In the 1980s, Eastwood continued to direct and star in at
least one big film a year, usually in his
established Western genre, but occassionally
making forays into other styles. Firefox (1982),
for instance, took him to Eastern Europe to
steal the blueprints for a new plane, while
Heartbreak Ridge (1987) was set against the
background of the Korean war. In 1985, the
'man with no name' returned as a preacher in
Pale Rider, this time to defend the local community against the bad guys. Meanwhile,
Eastwood took on that role himself and became, for a time, the Mayor of his local
Californian town of Carmel.
In the mid-eighties Clint made some solid movies but nothing really stuck out. Tightrope (1984), City Heat (1984) (with Burt Reynolds) and others were solid but not classic films. In 1988 Eastwood did his fifth and up to this point final Dirty Harry movie, the aforementioned The Dead Pool (1988). Although it was a success overall it did not have the box office punch his previous films had.
About this time with outright bombs like The Rookie (1990) and Pink Cadillac (1989), it was fairly obvious Eastwood's star was declining as it never had before.
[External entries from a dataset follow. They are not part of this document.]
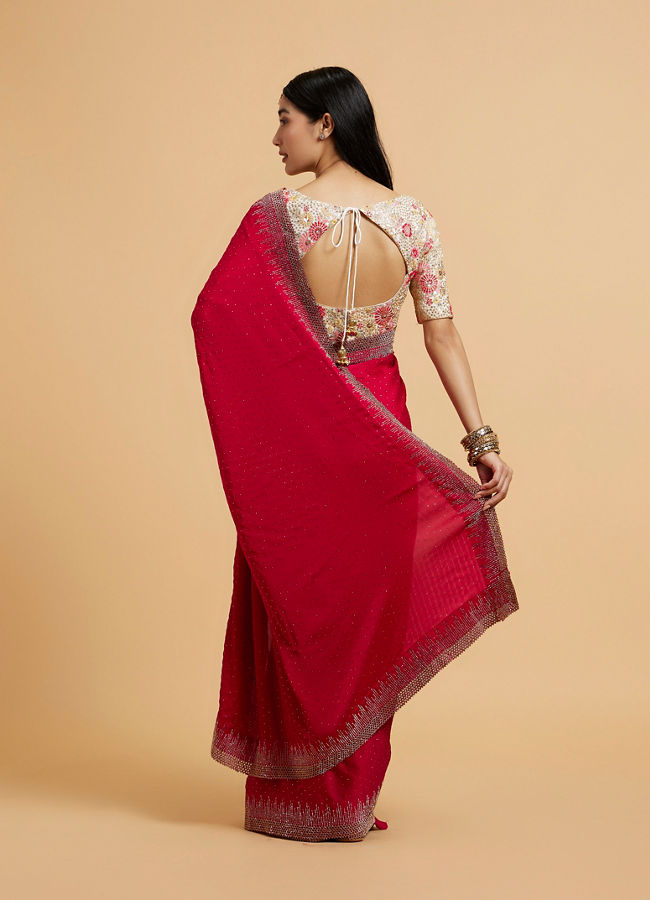 Mohey Women Rani Pink Rhinestone Embellished Saree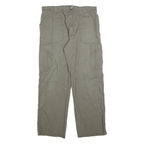 CARHARTT Mens Cotton Blend Beige Regular Straight Trousers W32 L30 Durable
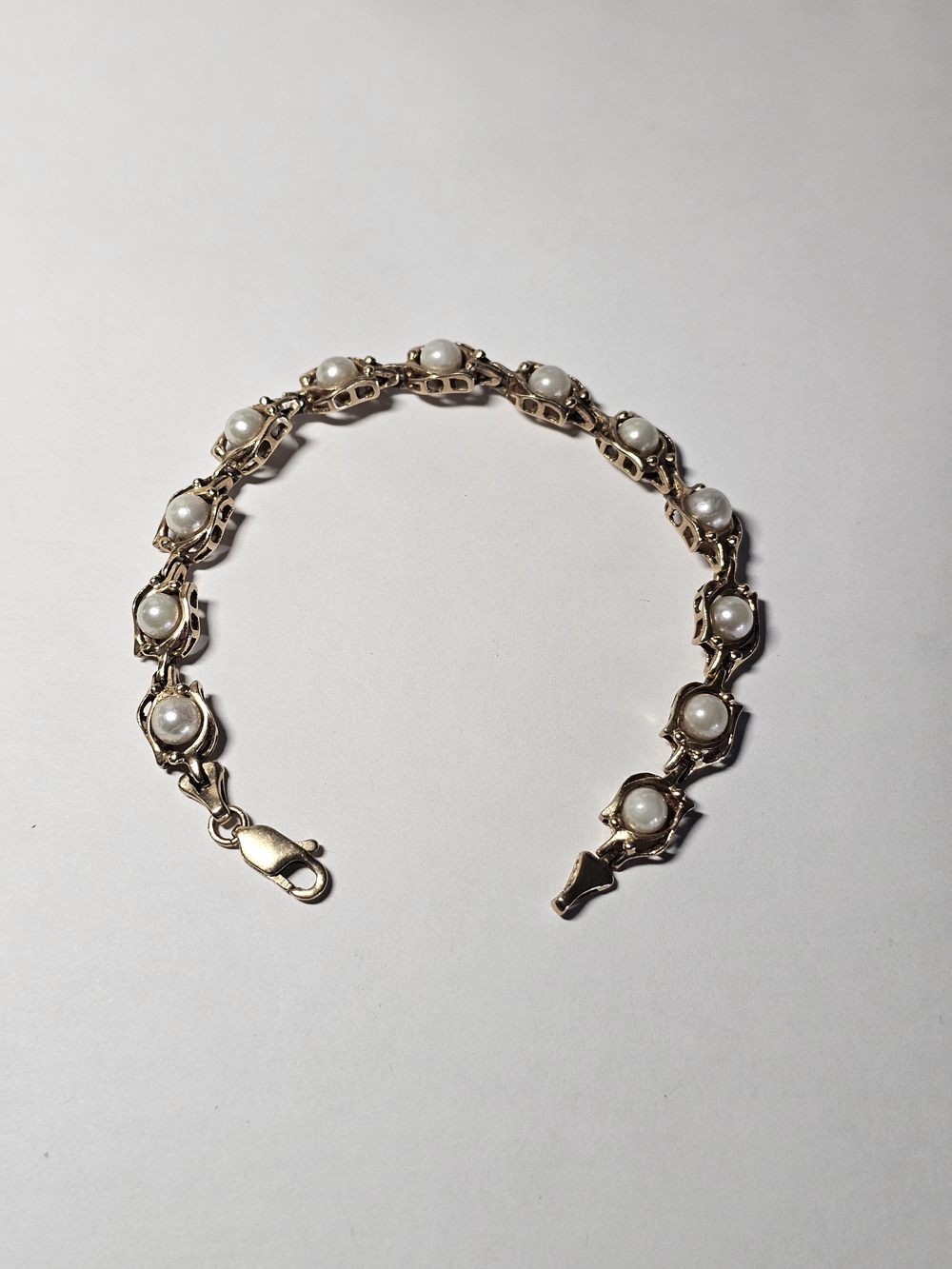 14k Gold Pearl Link Bracelet - 6½in Length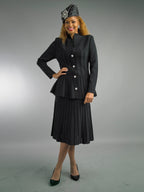 3-Piece Long Sleeve Mid-Length Skirt Suit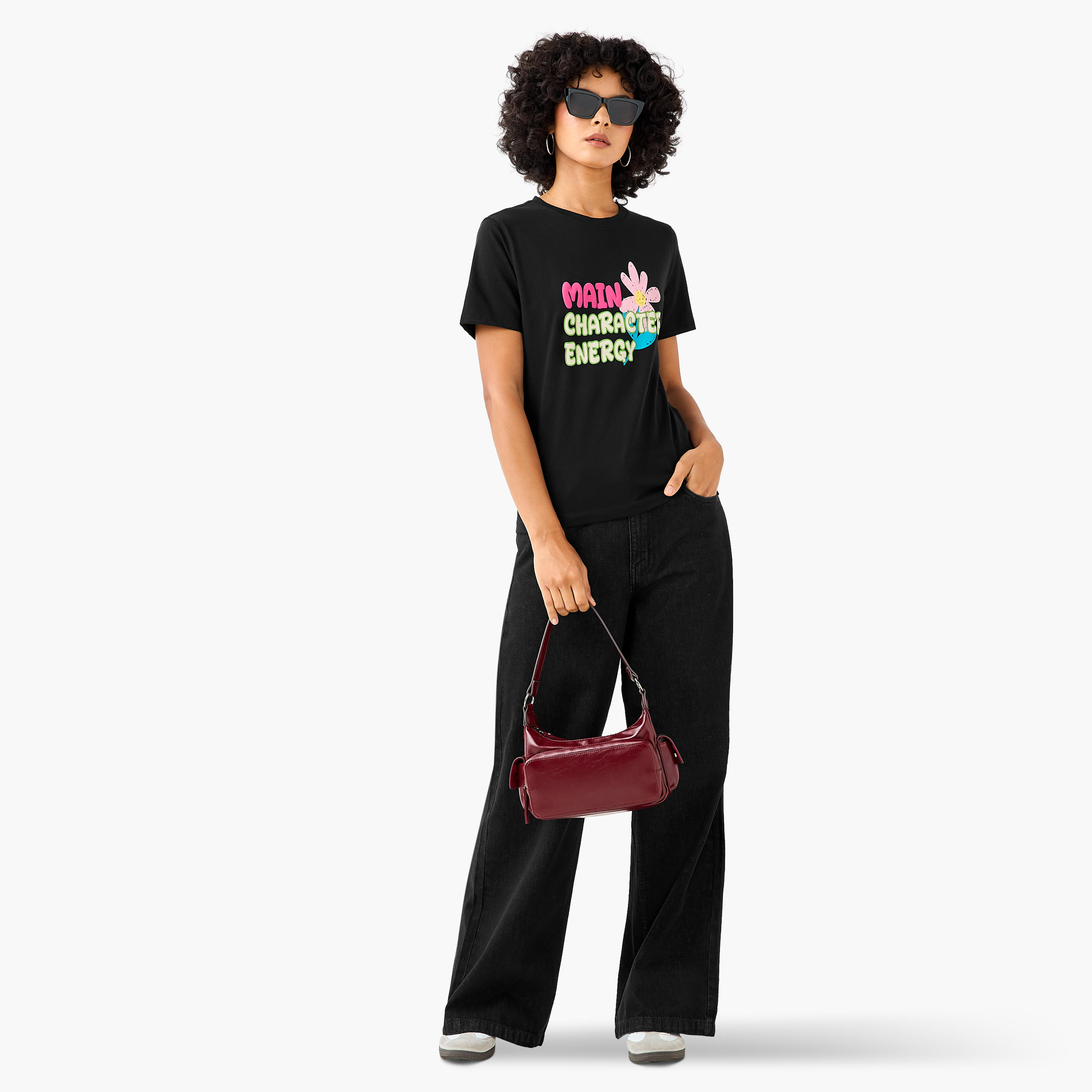 Regular Fit Cotton T-shirt with Print-women-clothing-tshirts-image-2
He then started taking on more personal projects such as directing Bird (1988), a biopic of Charlie 'Bird' Parker, and starring in and directing White Hunter Black Heart (1990), an uneven, loose biography of John Huston. But Eastwood surprised yet again. First with his western, Unforgiven (1992), which garnered him an Oscar for director, and nomination for best actor. Then he took on the secret service in In the Line of Fire (1993), which was a big hit, followed by the interesting, but poorly received drama, A Perfect World (1993), with Kevin Costner. Next up was a love story, The Bridges of Madison County (1995), a wistful and beautifully told love story.
Since The Bridges of Madison County, his films have been good, but not always successful at the Box Office. Among them were the badly received True Crime (1999) and Blood Work (2002), and the well received Space Cowboys (2000). But he did have a big success directing Midnight in the Garden of Good and Evil (1997).
In 2003 he directed Mystic River, an Oscar winning film which filmgoers loved or loathed.
Eastwood has seven children, and has been married twice, and had a long time relationship with frequent co-star Sondra Locke.